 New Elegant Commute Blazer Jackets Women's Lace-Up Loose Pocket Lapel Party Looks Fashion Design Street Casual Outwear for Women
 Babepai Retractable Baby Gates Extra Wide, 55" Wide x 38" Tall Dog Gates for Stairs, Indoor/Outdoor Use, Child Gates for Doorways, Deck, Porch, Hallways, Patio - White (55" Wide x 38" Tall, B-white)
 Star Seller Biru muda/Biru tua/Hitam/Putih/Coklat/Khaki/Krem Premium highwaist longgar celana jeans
--
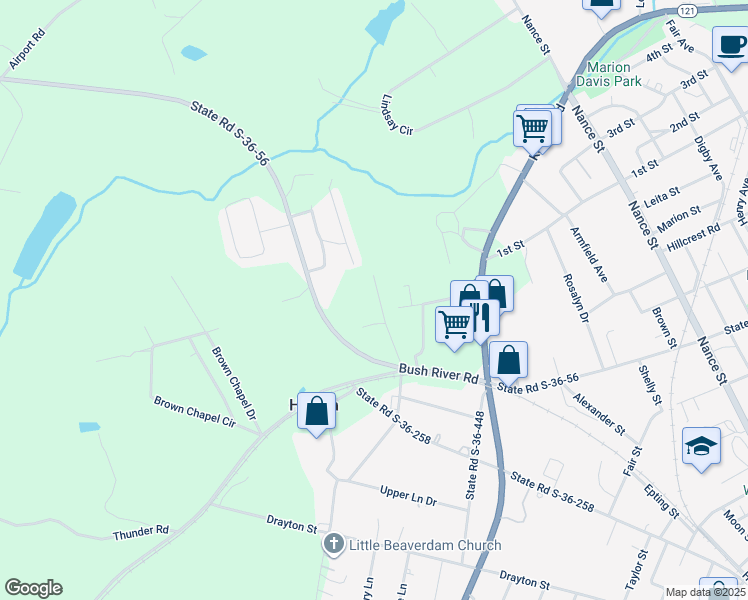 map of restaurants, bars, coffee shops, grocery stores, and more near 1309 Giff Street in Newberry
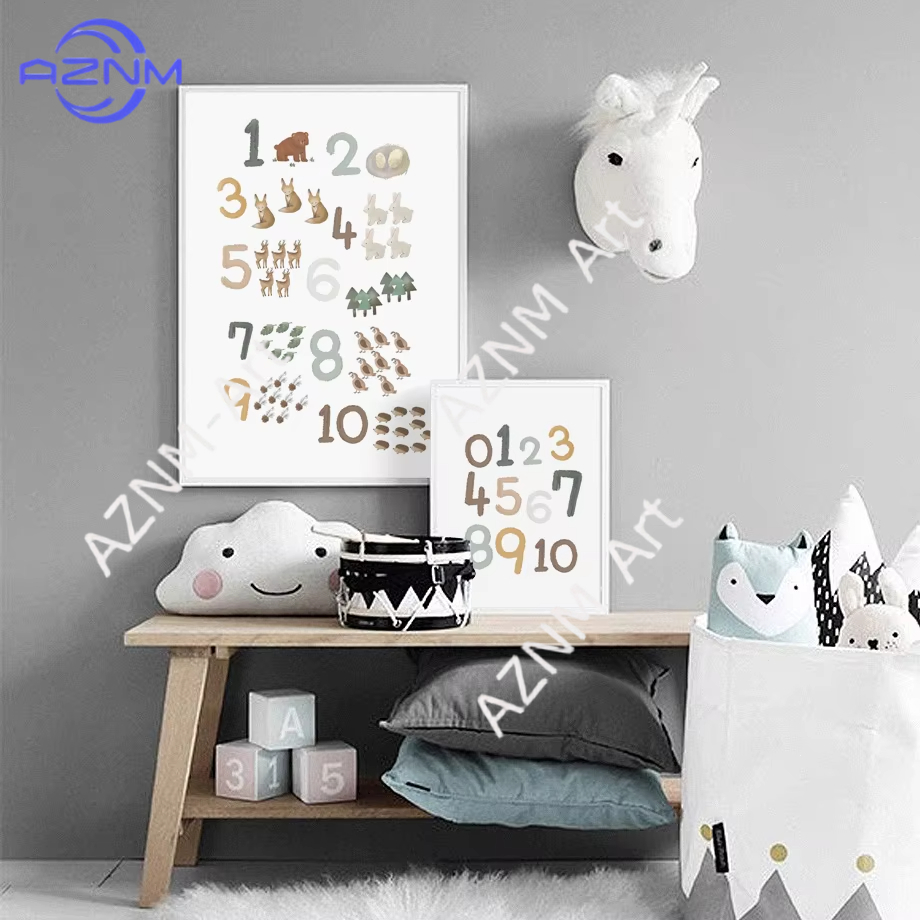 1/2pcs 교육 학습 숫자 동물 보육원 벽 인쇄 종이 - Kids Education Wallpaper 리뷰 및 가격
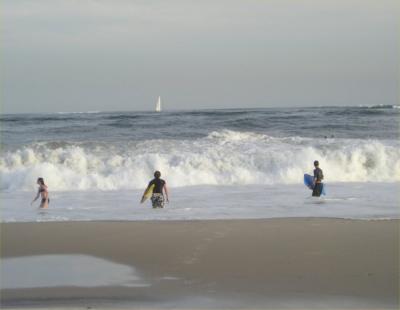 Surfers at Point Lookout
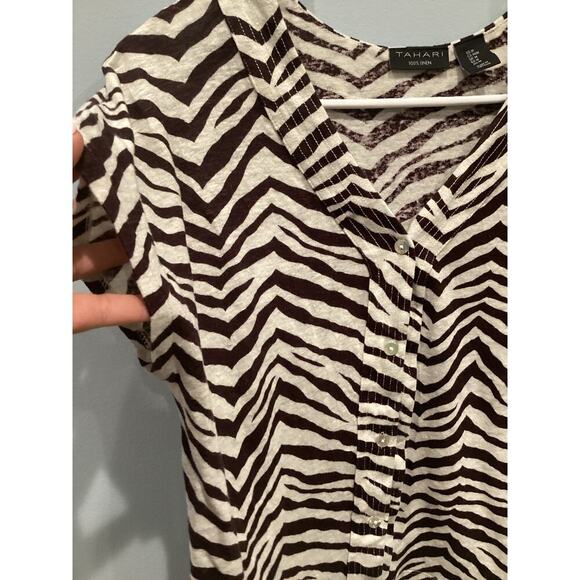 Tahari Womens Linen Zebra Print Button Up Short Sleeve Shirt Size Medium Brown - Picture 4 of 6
==
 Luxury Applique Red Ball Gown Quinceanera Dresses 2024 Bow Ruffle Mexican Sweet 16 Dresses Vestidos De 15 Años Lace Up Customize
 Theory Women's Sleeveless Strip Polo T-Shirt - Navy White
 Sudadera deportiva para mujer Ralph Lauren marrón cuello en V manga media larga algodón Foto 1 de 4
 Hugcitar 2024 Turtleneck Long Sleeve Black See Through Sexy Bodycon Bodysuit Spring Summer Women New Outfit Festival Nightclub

■ Problem statement
What you give back must be the stretch above, starting at the line with "Luxury Applique Red" and ending at the line with "Hugcitar 2024 Turtleneck", copied exactly.

■ Answer for the task
 Luxury Applique Red Ball Gown Quinceanera Dresses 2024 Bow Ruffle Mexican Sweet 16 Dresses Vestidos De 15 Años Lace Up Customize
 Theory Women's Sleeveless Strip Polo T-Shirt - Navy White
 Sudadera deportiva para mujer Ralph Lauren marrón cuello en V manga media larga algodón Foto 1 de 4
 Hugcitar 2024 Turtleneck Long Sleeve Black See Through Sexy Bodycon Bodysuit Spring Summer Women New Outfit Festival Nightclub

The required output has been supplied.